Hello,

I have a working model that will train without any problems. I am using Pytorch 1.5.1 on a GPU with CUDA 10.2. Then I wanted to add a multi task loss factor which is causing problems. I can train the model for ~3500 (+/- 400) iterations and then I get a Cuda out of memory error. Before this the cached memory is around 8GB and I use a 2080ti with 11GB VRAM. I can not see a memory leak till then, the cached memory seems constant. At ~3500 it seems to spike in the forward portion of the network. The error only appears when I set my `require_grad()`

to true for my multi-task loss weights (see code below).
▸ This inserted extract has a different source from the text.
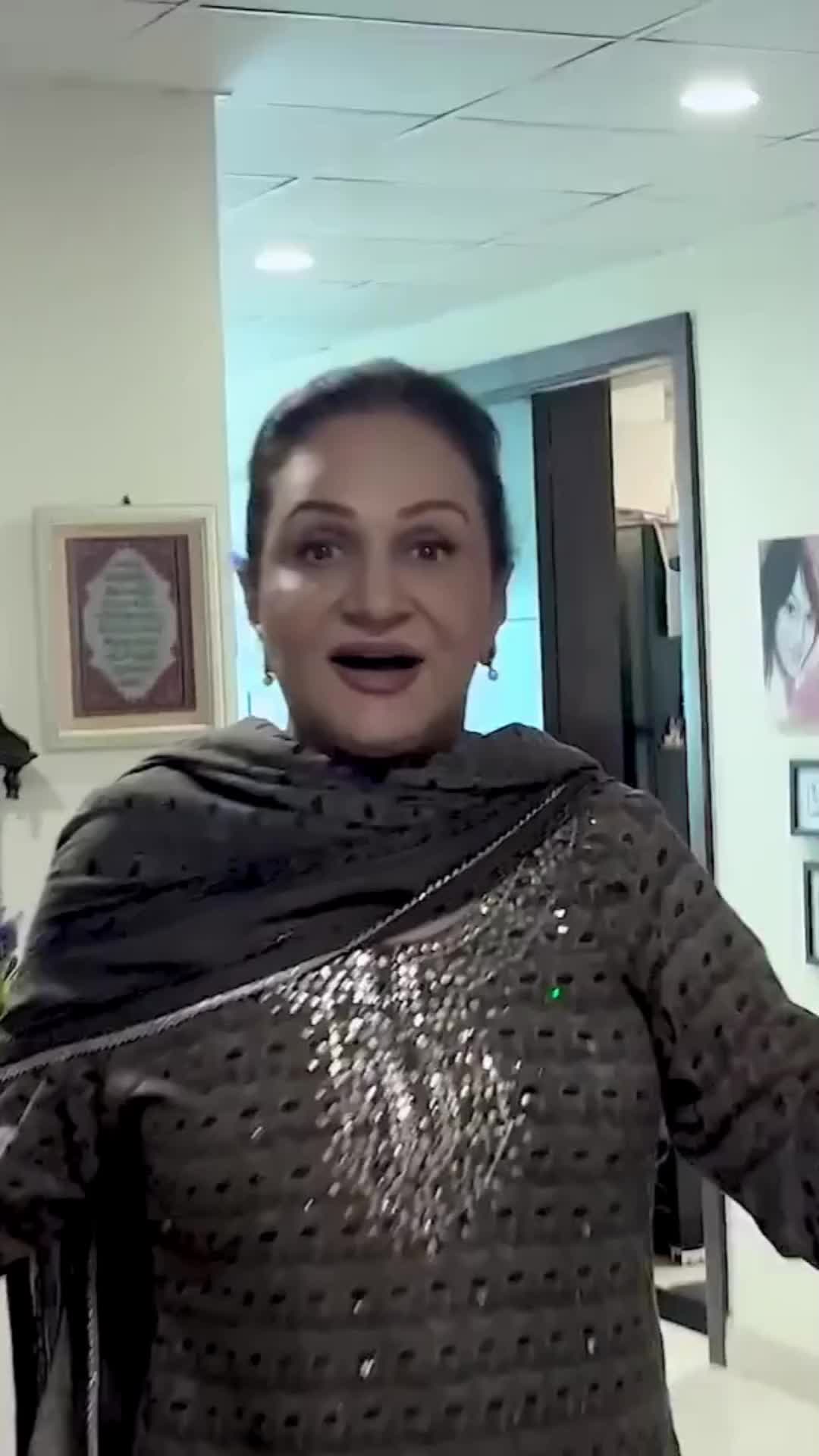 @Bushra.ansari.official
I have searched the internet for answers but most of them boil down to people not using `.item()`

when storing tensors to their statistics or saving them somehow but I dont think I do this.

```
iter: 3850, MT (d_boxes-s: 1.0000, d_cls-adjusted: 1.0389, d_cls-s: 1.1078, d_reg-adjusted: -1.4250, d_reg-s: -3.2818), acc (bg: 1.00, fg: 0.84, iou: 0.78), loss (bbox_2d: 0.5207, bbox_3d: 1.0714, cls: 0.1337, depth_cls: 1.4683, depth_reg: 0.0163), misc (ry: 1.17, z: 1.33), dt: 0.81, eta: 44.1h
Traceback (most recent call last):
File "scripts/train.py", line 388, in <module>
main(sys.argv[1:])
File "scripts/train.py", line 220, in main
cls, prob, bbox_2d, bbox_3d, feat_size, x_d_cls, x_d_reg = rpn_net(images.cuda())
File "/disk/no_backup/---/D4LCN/env/lib/python3.6/site-packages/torch/nn/modules/module.py", line 550, in __call__
result = self.forward(*input, **kwargs)
File "/disk/no_backup/---/D4LCN/env/lib/python3.6/site-packages/torch/nn/parallel/data_parallel.py", line 153, in forward
return self.module(*inputs[0], **kwargs[0])
File "/disk/no_backup/---/D4LCN/env/lib/python3.6/site-packages/torch/nn/modules/module.py", line 550, in __call__
result = self.forward(*input, **kwargs)
File "/disk/vanishing_data/---/D4LDCoutput/output/learn_depth_config/Adaptive_block2_resnet_dilate_depth50_batch2_dropoutearly0_5_lr0_005_onecycle_iter200000_2020_07_29_05_01_16/resnet_dilate_depth.py", line 168, in forward
x_d_cls = F.interpolate(x_d_cls, size=inp_shape, mode="bilinear", align_corners=True)
File "/disk/no_backup/---/D4LCN/env/lib/python3.6/site-packages/torch/nn/functional.py", line 3013, in interpolate
scale_factor_list[0], scale_factor_list[1])
RuntimeError: CUDA out of memory. Tried to allocate 144.00 MiB (GPU 0; 10.76 GiB total capacity; 9.54 GiB already allocated; 51.00 MiB free; 9.72 GiB reserved in total by PyTorch)
```

I initialize the weights for the loss like this:

```
task_weights = {}
update_weights = True if conf.task_weight_policy == 'update' else False
#default setting is that all weights start at 1.0
task_weights['d_cls'] = torch.tensor(conf.task_weight_init_d_cls).float()
task_weights['d_cls'] = task_weights['d_cls'].cuda()
task_weights['d_cls'] = task_weights['d_cls'].requires_grad_(update_weights)
#when I set update_weights to False the model does not crash.
#Update weights only affects the task weights
task_weights['d_reg'] = ...
```

I do this for every task (3 in total, “d_cls”, “d_reg”, “d_boxes”). I want to use these weights to change the importance of other losses.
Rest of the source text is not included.